In February a federal judge in Monterrey sentenced five marines to 22 years in prison and ruled the secretary of the navy should publicly apologize for the 2013 forced disappearance of Armando Humberto del Bosque Villarreal in Colombia, Nuevo Leon. Hunters found the body of del Bosque in a forest outside the naval base two months after he disappeared. The sentences were the first against the armed forces in Nuevo Leon. On December 2, a judge reversed the sentence for failures in the formulation of the accusation, finding that the marines should have been tried according to the General Law on Forced Disappearances of Persons approved in 2017 and not the federal penal code, which was repealed with the passing of the previous rule.

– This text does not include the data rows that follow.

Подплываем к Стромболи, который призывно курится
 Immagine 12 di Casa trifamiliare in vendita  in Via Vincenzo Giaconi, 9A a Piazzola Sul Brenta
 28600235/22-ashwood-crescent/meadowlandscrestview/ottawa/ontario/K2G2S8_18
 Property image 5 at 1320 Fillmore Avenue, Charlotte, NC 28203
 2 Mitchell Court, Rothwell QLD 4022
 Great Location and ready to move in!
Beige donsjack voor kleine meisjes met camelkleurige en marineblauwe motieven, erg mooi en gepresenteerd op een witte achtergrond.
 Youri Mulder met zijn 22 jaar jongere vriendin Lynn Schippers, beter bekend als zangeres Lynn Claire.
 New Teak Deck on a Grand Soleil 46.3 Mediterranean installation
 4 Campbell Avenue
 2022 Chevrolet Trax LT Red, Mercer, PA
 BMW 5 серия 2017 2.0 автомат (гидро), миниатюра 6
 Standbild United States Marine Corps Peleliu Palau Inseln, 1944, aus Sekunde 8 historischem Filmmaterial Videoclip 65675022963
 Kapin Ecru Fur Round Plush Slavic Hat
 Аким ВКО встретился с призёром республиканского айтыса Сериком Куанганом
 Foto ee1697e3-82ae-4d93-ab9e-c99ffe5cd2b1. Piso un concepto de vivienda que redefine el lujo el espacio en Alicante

The federal government and states continued to implement the 2017 General Law on Forced Disappearances. By December all 32 states had met the requirement to create state search commissions, according to the National Search Commission (CNB). Through a nationwide assessment process, the CNB revised the government’s official number of missing or disappeared persons repeatedly during the year as additional data became available. As of December the CNB reported there were 79,658 missing or disappeared persons in the country. Some cases dated back to the 1960s, but the vast majority occurred since 2006. The year 2019 had the second-highest number of cases on record, with 8,345 reported missing or disappeared, up from 7,267 cases reported in 2018. Nongovernmental organizations (NGOs) commended the government for providing a more accurate accounting and urged the government to strengthen efforts to investigate and prosecute cases.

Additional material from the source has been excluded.